Re: [PATCH 3/5] libata: Implement disk shock protection support

Tejun Heo <htejun@xxxxxxxxx> · Tue, 05 Aug 2008 16:49:47 +0900

Robert Hancock wrote:
>> However, SATA or not, there simply isn't a way to abort commands in ATA.
>>  Issuing random command while other commands are in progress simply is
>> state machine violation and there will be many interesting results
>> including complete system lockup (ATA controller dying while holding the
>> PCI bus).  The only reliable way to abort in-flight commands are by
>> issuing hardreset.  However, ATA reset protocol is not designed for
>> quick recovery.  The machine is gonna hit the ground hard way before the
>> reset protocol is complete.
> 
> How long does hardreset have to take? I only see a 1ms delay in the
> COMRESET process (sata_link_hardreset).

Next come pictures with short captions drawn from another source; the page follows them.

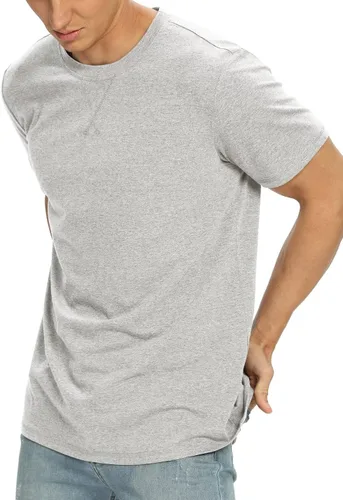 Vista 18 de NITAGUT Camiseta clásica de algodón para hombre con cuello redondo
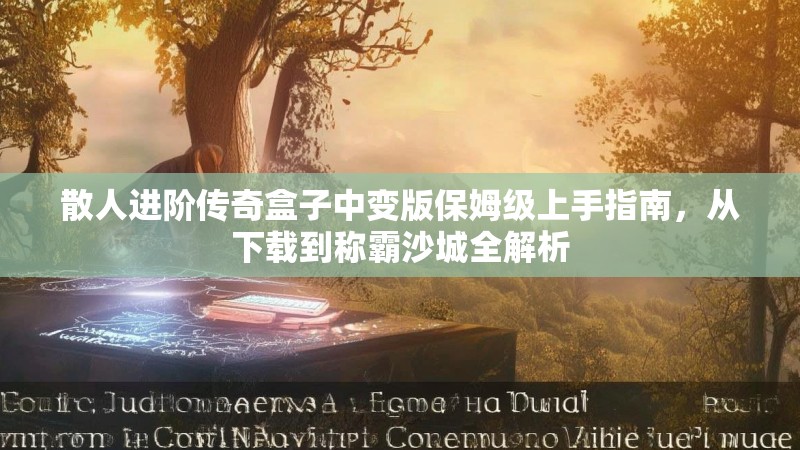 散人进阶传奇盒子中变版保姆级上手指南，从下载到称霸沙城全解析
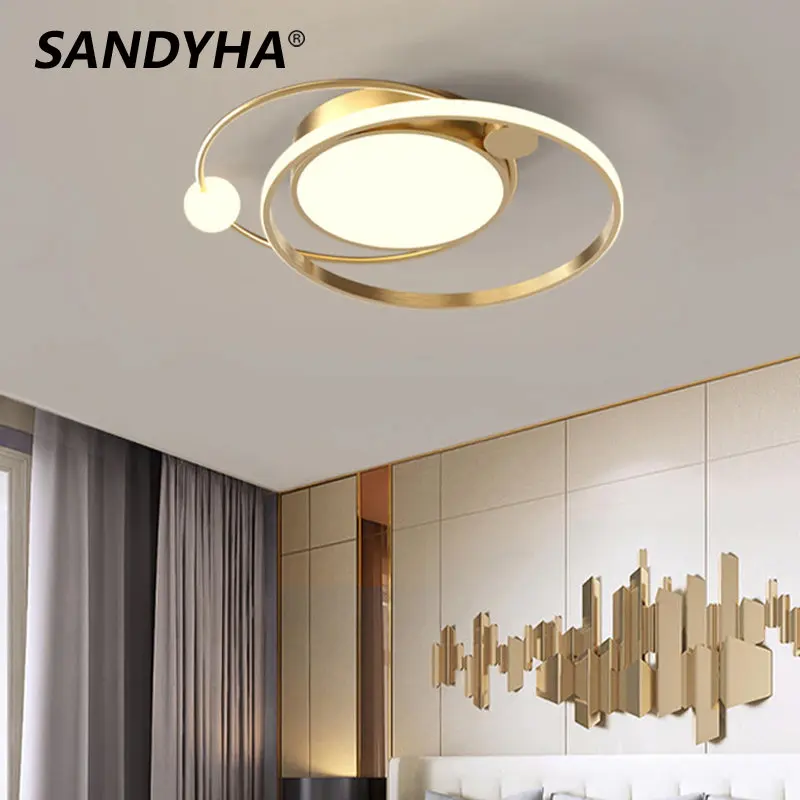 

SANDYHA Modern Led Chandeliers for Bedroom Living Room Kitchen Study Ceiling Lamp Ring Round Gold Design Remote Control Light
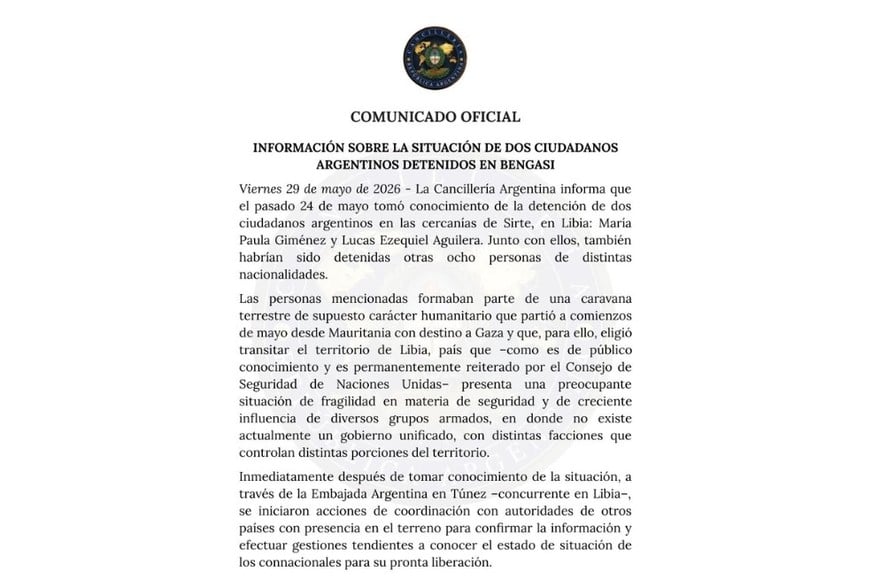 El comienzo del comunicado de Cancillería Argentina.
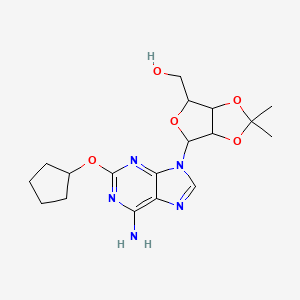Chemical structure of 2-(Cyclopentyloxy)-2',3'-O-(1-methylethylidene)-adenosine
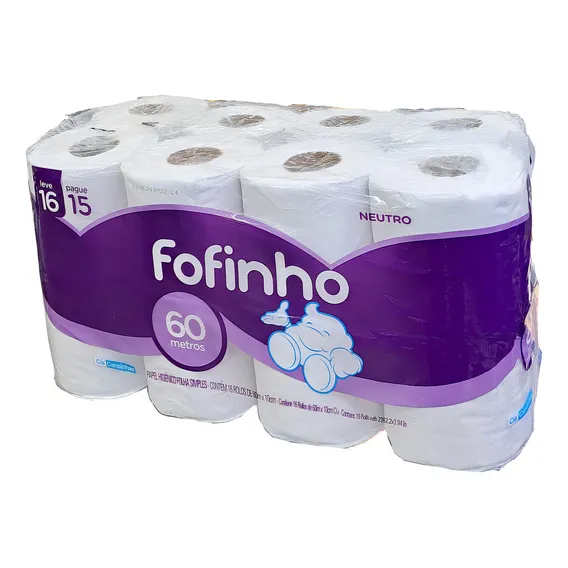 Papel Higienico Atacado 16 Rolos Com 60m Cada - 16 X 60m Foto 1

I'd think it would be feasible
> to do something like:
> 
> -stop the queue to prevent new commands from being issued
> -wait a certain amount of time (20ms or so?) for existing command(s) to
> complete, if they do then issue the idle command
> -if time runs out, trigger a hardreset and then issue the idle command
> 
> The drive is going to take a little while to actually unload the heads
> anyway, so a few milliseconds delay doesn't seem like a big deal..

Two major areas of delays are...

- Post-hardreset PHY readiness delay.  It depends on both the controller
and drive.  Some combination might take pretty short while there are
combinations which are known to take in the order of few seconds.  It's
determined by sata_deb_timing_* arrays in libata-core.c.  In most cases,
sata_deb_timing_normal works fine.  Currently, sil24 needs the long
variant.  Using the normal one, the shortest possible timing would be a
bit above 100ms as libata determines PHY is online only after the link
state hasn't oscillate for that long.

- Device readiness (the initial TF w/ signature).  It depends on how the
drive implementation.  If the drive is spinning, it's usually pretty
quick but there's no guarantee.  Also, there's another problem that some
controllers just can't wait for device readiness after hardreset and
thus needs to perform softreset after hard one, which adds to the delay.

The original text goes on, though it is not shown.